What this task involves:
Return all the entries word for word.

━━━━━ Material for this exercise ━━━━━

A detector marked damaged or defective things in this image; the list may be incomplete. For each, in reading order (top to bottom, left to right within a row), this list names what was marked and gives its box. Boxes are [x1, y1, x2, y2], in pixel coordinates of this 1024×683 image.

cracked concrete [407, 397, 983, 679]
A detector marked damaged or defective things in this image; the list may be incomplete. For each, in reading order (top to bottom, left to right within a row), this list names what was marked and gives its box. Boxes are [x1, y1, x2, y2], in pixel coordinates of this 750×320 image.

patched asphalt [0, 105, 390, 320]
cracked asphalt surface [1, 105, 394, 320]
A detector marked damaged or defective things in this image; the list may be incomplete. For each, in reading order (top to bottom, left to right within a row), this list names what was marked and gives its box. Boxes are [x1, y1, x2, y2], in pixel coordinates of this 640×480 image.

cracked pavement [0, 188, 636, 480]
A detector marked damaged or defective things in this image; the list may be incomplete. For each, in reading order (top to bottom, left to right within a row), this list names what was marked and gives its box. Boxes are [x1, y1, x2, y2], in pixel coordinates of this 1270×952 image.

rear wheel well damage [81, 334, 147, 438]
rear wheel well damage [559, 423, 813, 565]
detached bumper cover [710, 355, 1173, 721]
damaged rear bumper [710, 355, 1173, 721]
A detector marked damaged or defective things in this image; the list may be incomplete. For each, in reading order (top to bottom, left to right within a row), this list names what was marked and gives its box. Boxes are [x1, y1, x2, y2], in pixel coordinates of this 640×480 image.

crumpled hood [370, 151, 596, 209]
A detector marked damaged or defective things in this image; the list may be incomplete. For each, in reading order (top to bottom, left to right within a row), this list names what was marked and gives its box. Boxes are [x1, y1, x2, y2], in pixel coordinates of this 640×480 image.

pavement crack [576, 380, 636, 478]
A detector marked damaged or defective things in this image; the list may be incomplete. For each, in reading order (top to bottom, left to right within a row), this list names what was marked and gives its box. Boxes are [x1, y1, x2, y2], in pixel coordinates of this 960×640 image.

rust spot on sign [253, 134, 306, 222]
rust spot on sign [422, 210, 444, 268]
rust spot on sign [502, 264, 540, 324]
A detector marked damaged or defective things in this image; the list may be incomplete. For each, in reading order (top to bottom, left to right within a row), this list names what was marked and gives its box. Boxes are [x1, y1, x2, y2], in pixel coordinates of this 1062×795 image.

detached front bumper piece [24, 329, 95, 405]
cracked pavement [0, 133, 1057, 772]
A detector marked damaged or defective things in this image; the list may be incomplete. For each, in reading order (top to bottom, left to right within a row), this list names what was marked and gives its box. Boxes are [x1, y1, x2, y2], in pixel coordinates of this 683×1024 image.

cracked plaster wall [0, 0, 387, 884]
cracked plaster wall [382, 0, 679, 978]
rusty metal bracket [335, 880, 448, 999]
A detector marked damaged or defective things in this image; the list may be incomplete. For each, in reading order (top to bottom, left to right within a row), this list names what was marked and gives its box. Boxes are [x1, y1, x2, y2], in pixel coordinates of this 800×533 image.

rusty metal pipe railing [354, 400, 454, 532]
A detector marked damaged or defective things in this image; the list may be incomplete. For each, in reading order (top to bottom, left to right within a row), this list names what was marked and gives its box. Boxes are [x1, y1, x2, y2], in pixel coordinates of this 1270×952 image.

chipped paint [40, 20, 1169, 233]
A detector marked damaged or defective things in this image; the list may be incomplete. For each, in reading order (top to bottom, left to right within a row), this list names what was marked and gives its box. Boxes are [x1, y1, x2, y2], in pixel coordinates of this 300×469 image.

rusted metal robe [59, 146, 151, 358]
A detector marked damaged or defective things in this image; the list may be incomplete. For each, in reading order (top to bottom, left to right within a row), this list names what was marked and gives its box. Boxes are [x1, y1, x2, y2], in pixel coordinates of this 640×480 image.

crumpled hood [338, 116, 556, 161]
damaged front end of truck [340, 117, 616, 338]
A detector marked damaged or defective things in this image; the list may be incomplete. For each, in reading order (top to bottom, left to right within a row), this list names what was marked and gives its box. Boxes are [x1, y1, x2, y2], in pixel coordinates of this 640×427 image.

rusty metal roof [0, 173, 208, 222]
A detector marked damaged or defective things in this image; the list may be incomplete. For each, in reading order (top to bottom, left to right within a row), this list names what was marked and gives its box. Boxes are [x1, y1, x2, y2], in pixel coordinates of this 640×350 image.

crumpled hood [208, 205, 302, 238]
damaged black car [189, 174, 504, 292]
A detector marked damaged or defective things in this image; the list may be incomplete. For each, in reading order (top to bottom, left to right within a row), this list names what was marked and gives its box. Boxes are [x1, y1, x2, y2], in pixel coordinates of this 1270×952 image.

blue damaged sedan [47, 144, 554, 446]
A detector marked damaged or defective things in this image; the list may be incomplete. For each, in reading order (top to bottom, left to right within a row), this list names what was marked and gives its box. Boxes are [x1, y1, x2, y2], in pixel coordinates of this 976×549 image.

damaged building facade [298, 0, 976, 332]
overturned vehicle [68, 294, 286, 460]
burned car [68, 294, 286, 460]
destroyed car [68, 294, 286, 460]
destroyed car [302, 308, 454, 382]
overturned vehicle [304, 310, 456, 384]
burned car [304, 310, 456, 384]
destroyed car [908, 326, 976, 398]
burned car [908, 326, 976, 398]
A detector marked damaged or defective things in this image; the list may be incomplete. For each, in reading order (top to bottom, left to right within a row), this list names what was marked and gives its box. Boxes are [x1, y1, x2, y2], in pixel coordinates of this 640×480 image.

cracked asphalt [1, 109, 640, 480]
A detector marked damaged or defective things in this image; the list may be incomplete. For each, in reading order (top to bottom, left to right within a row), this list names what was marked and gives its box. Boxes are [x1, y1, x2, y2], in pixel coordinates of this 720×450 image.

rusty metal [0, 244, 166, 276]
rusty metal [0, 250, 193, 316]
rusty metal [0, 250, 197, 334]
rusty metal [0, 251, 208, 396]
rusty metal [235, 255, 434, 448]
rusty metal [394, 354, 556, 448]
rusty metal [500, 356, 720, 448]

━━━━━

Finished exercise:
A detector marked damaged or defective things in this image; the list may be incomplete. For each, in reading order (top to bottom, left to right within a row), this list names what was marked and gives its box. Boxes are [x1, y1, x2, y2], in pixel coordinates of this 1024×683 image.

cracked concrete [407, 397, 983, 679]
A detector marked damaged or defective things in this image; the list may be incomplete. For each, in reading order (top to bottom, left to right within a row), this list names what was marked and gives its box. Boxes are [x1, y1, x2, y2], in pixel coordinates of this 750×320 image.

patched asphalt [0, 105, 390, 320]
cracked asphalt surface [1, 105, 394, 320]
A detector marked damaged or defective things in this image; the list may be incomplete. For each, in reading order (top to bottom, left to right within a row), this list names what was marked and gives its box. Boxes are [x1, y1, x2, y2], in pixel coordinates of this 640×480 image.

cracked pavement [0, 188, 636, 480]
A detector marked damaged or defective things in this image; the list may be incomplete. For each, in reading order (top to bottom, left to right within a row), this list names what was marked and gives its box. Boxes are [x1, y1, x2, y2], in pixel coordinates of this 1270×952 image.

rear wheel well damage [81, 334, 147, 438]
rear wheel well damage [559, 423, 813, 565]
detached bumper cover [710, 355, 1173, 721]
damaged rear bumper [710, 355, 1173, 721]
A detector marked damaged or defective things in this image; the list may be incomplete. For each, in reading order (top to bottom, left to right within a row), this list names what was marked and gives its box. Boxes are [x1, y1, x2, y2], in pixel coordinates of this 640×480 image.

crumpled hood [370, 151, 596, 209]
A detector marked damaged or defective things in this image; the list may be incomplete. For each, in reading order (top to bottom, left to right within a row), this list names what was marked and gives its box. Boxes are [x1, y1, x2, y2], in pixel coordinates of this 640×480 image.

pavement crack [576, 380, 636, 478]
A detector marked damaged or defective things in this image; the list may be incomplete. For each, in reading order (top to bottom, left to right within a row), this list names what was marked and gives its box. Boxes are [x1, y1, x2, y2], in pixel coordinates of this 960×640 image.

rust spot on sign [253, 134, 306, 222]
rust spot on sign [422, 210, 444, 268]
rust spot on sign [502, 264, 540, 324]
A detector marked damaged or defective things in this image; the list may be incomplete. For each, in reading order (top to bottom, left to right within a row), this list names what was marked and gives its box. Boxes are [x1, y1, x2, y2], in pixel coordinates of this 1062×795 image.

detached front bumper piece [24, 329, 95, 405]
cracked pavement [0, 133, 1057, 772]
A detector marked damaged or defective things in this image; the list may be incomplete. For each, in reading order (top to bottom, left to right within a row), this list names what was marked and gives its box. Boxes are [x1, y1, x2, y2], in pixel coordinates of this 683×1024 image.

cracked plaster wall [0, 0, 387, 884]
cracked plaster wall [382, 0, 679, 978]
rusty metal bracket [335, 880, 448, 999]
A detector marked damaged or defective things in this image; the list may be incomplete. For each, in reading order (top to bottom, left to right within a row), this list names what was marked and gives its box. Boxes are [x1, y1, x2, y2], in pixel coordinates of this 800×533 image.

rusty metal pipe railing [354, 400, 454, 532]
A detector marked damaged or defective things in this image; the list may be incomplete. For each, in reading order (top to bottom, left to right within a row), this list names what was marked and gives its box. Boxes are [x1, y1, x2, y2], in pixel coordinates of this 1270×952 image.

chipped paint [40, 20, 1169, 233]
A detector marked damaged or defective things in this image; the list may be incomplete. For each, in reading order (top to bottom, left to right within a row), this list names what was marked and gives its box. Boxes are [x1, y1, x2, y2], in pixel coordinates of this 300×469 image.

rusted metal robe [59, 146, 151, 358]
A detector marked damaged or defective things in this image; the list may be incomplete. For each, in reading order (top to bottom, left to right within a row), this list names what was marked and gives its box. Boxes are [x1, y1, x2, y2], in pixel coordinates of this 640×480 image.

crumpled hood [338, 116, 556, 161]
damaged front end of truck [340, 117, 616, 338]
A detector marked damaged or defective things in this image; the list may be incomplete. For each, in reading order (top to bottom, left to right within a row), this list names what was marked and gives its box. Boxes are [x1, y1, x2, y2], in pixel coordinates of this 640×427 image.

rusty metal roof [0, 173, 208, 222]
A detector marked damaged or defective things in this image; the list may be incomplete. For each, in reading order (top to bottom, left to right within a row), this list names what was marked and gives its box. Boxes are [x1, y1, x2, y2], in pixel coordinates of this 640×350 image.

crumpled hood [208, 205, 302, 238]
damaged black car [189, 174, 504, 292]
A detector marked damaged or defective things in this image; the list may be incomplete. For each, in reading order (top to bottom, left to right within a row), this list names what was marked and gives its box. Boxes are [x1, y1, x2, y2], in pixel coordinates of this 1270×952 image.

blue damaged sedan [47, 144, 554, 446]
A detector marked damaged or defective things in this image; the list may be incomplete. For each, in reading order (top to bottom, left to right within a row), this list names what was marked and gives its box. Boxes are [x1, y1, x2, y2], in pixel coordinates of this 976×549 image.

damaged building facade [298, 0, 976, 332]
overturned vehicle [68, 294, 286, 460]
burned car [68, 294, 286, 460]
destroyed car [68, 294, 286, 460]
destroyed car [302, 308, 454, 382]
overturned vehicle [304, 310, 456, 384]
burned car [304, 310, 456, 384]
destroyed car [908, 326, 976, 398]
burned car [908, 326, 976, 398]
A detector marked damaged or defective things in this image; the list may be incomplete. For each, in reading order (top to bottom, left to right within a row), this list names what was marked and gives its box. Boxes are [x1, y1, x2, y2], in pixel coordinates of this 640×480 image.

cracked asphalt [1, 109, 640, 480]
A detector marked damaged or defective things in this image; the list may be incomplete. For each, in reading order (top to bottom, left to right within a row), this list names what was marked and gives its box. Boxes are [x1, y1, x2, y2], in pixel coordinates of this 720×450 image.

rusty metal [0, 244, 166, 276]
rusty metal [0, 250, 193, 316]
rusty metal [0, 250, 197, 334]
rusty metal [0, 251, 208, 396]
rusty metal [235, 255, 434, 448]
rusty metal [394, 354, 556, 448]
rusty metal [500, 356, 720, 448]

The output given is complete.